Histograms of risk aversion coefficients \(\gamma _{quad}\) (top) and \(\gamma _{exp}\) (bottom) for \(\alpha =0.99\) and portfolios consisting of \(k=2\) (left), \(k=5\) (middle) and \(k=15\) (right) randomly sampled emerging markets

6.2 Elliptical returns

To illustrate the theoretical results for elliptical distributions we concentrate on the multivariate Laplace distribution. This distribution is obtained assuming that \(r^2\) follows exponential distribution with intensity equal to 1. In a univariate framework the resulting distribution of \(X_i\) is the Laplace distribution with the density \(\frac{1}{2} \sqrt{\frac{2}{\lambda }} exp\left\{ -\sqrt{\frac{2}{\lambda }} |x_i-\mu _i|\right\} \). The \(1-\alpha \) quantile of this distribution is used as the \(d_{1-\alpha }\)-quantile in Theorem 2. Technical details on the multivariate Laplace distribution can be found in Eltoft et al. (2006), whereas Kotz et al. (2001) discuss the application of the multivariate Laplace distribution in portfolio theory. Alternatively, one may consider the multivariate t-distribution, which is very frequently applied in portfolio selection.

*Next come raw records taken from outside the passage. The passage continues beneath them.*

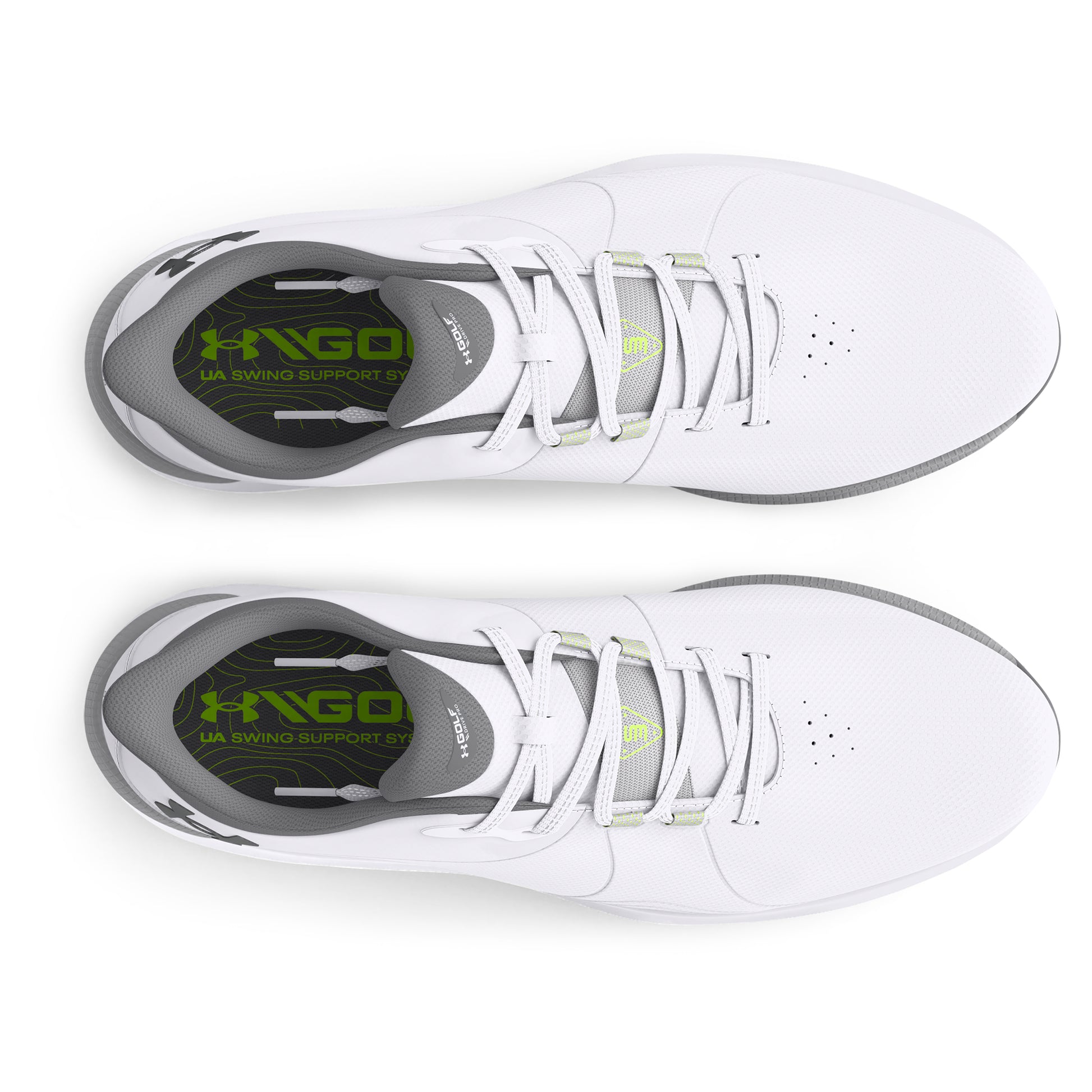 Under Armour Drive Pro SL Golf Shoes 3026921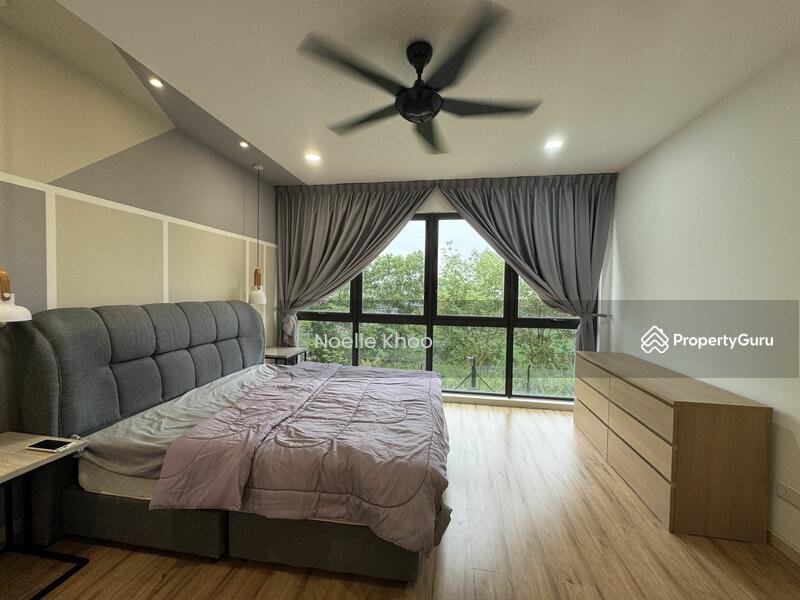 For Rent - Emerald Residence@Sunway Iskandar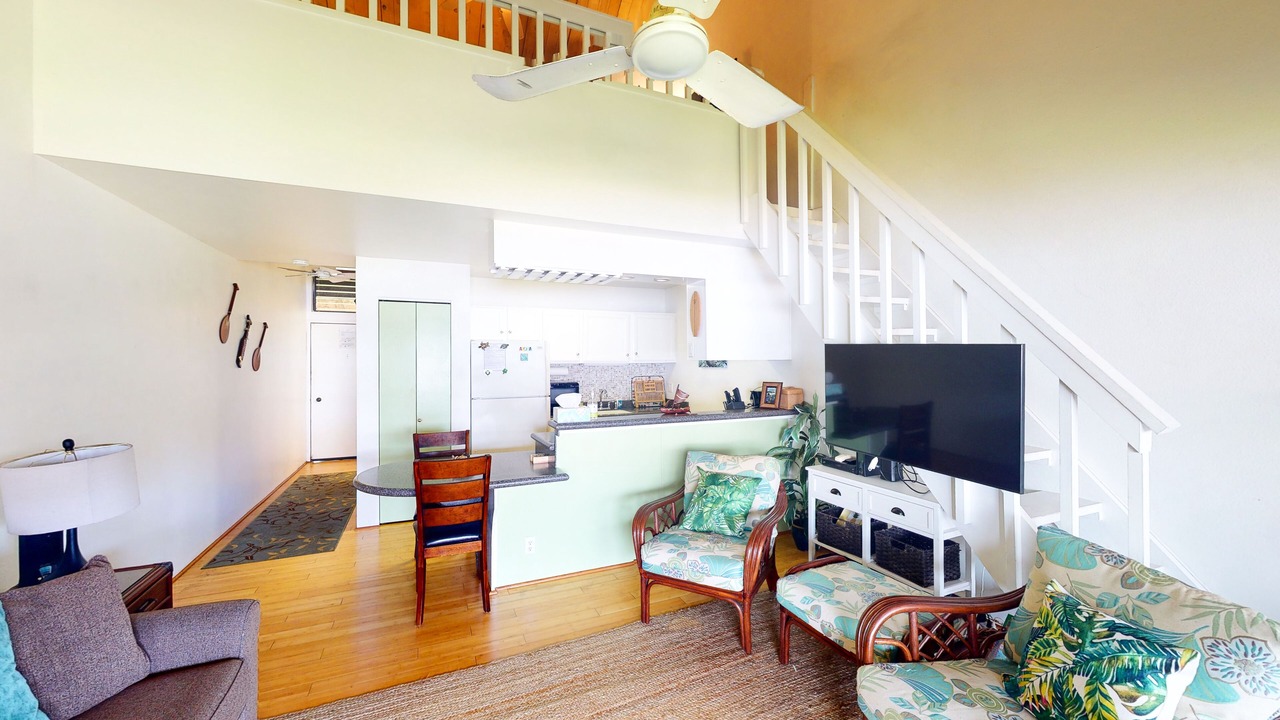 Photo of Livingroom in Kaunakakai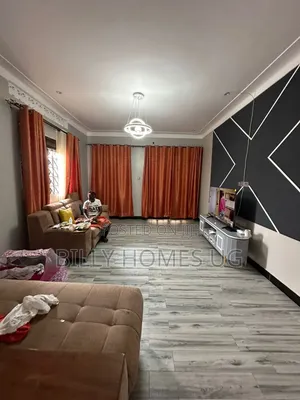 4bdrm House in Busukuma for sale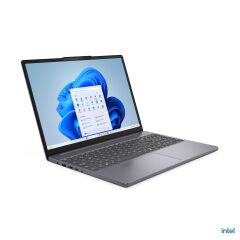 Lenovo IP Slim 3 i5-13420H 8GB 512GB SSD FreeDos 15.6'' Notebook 83K1004ETR ATL12 + Çanta Hediye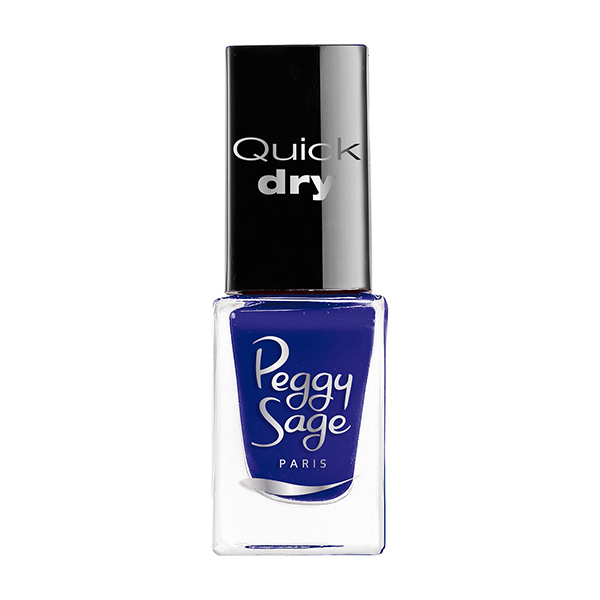 MINI ΒΕΡΝΙΚΙ QUICK DRY 5ml Jeanne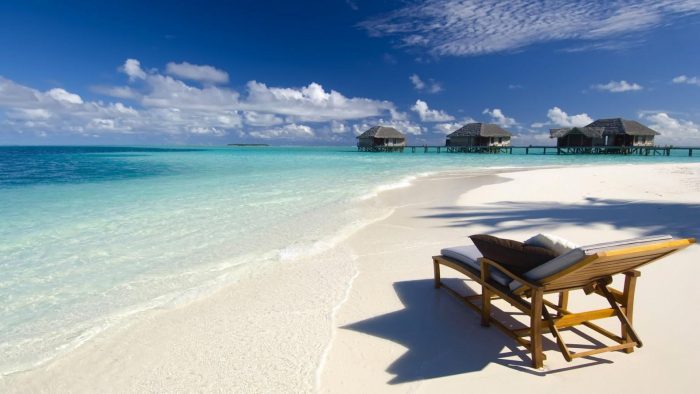Viaggio di nozze Maldive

The Laplace distribution has heavier tails compared to the normal and thus is a reasonable alternative in financial applications. An explicit application of this distribution is technically demanding due to complex expressions for the density (see Eltoft et al. 2006). In our case, however, the stochastic representation allows us to work with r only. The corresponding risk aversion coefficients \(\gamma _{quad}\) and \(\gamma _{exp}\) as functions of \(\alpha \) are shown in Fig. 3. Similarly to the normal distribution, the risk aversion attains very high values even for modest levels of \(\alpha \). However, it is important to note that the values of the coefficients are lower than for the normal distribution. This implies that if we switch from the normal to a more heavy-tailed distribution the uncertainty about the future portfolio returns is partly captured by the new distribution. Particularly this is crucial for the minimum VaR portfolio, where we attempt to reduce the chances of large losses. Since the losses are partly taken into account by the new model, the investor becomes less risk averse within the new framework.

Fig. 3
figure 3

The risk aversion coefficients \(\gamma _{quad}\) (top) and \(\gamma _{exp}\) (bottom) as functions of \(\alpha \) for portfolios consisting of the first k developed markets (left) and emerging markets (right) assuming multivariate Laplace distribution for the returns

6.3 Estimation risk

With the next example we illustrate the simulated density functions of the sample risk aversions \(\hat{\gamma }_{quad}^*\) and \(\hat{\gamma }_{exp}^*\) by relying on Theorem 3. We use the same data as in the above examples and condition on \(s^*=\hat{s}\), where \(\hat{s}\) is obtained individually for each portfolio. We observe that the precision of the estimators is relatively high. Note that the number of assets has an opposite impact on the precision for the two risk aversions. While for the exponential utility the densities are narrower for small portfolios, they become wider for the quadratic utility (Fig. 4).

Fig. 4
figure 4

The conditional densities of \(\gamma _{quad}^*\) (top) and \(\gamma _{exp}^*\) (bottom) given \(s^*\) for portfolios consisting of the first k developed markets (left) and emerging markets (right) assuming multivariate normal distribution for the returns

7 Summary

In the paper we consider the exponential and quadratic utility functions which are frequently applied in portfolio management. Since the VaR plays a key role in monitoring risk, many investors follow the minimum VaR portfolio strategies. We link both approaches to obtain a functional relationships between the risk aversions and the level of VaR. The results are obtained assuming that the vector of asset returns is multivariate normally distributed and they are generalized to the class of elliptically contoured distributions. The latter is particularly important due to well known heavy-taildness of asset returns. Finally, we take the parameter uncertainty into account and give conditional stochastic representation of the empirical risk aversion coefficients. The theoretical results are validated in an empirical study.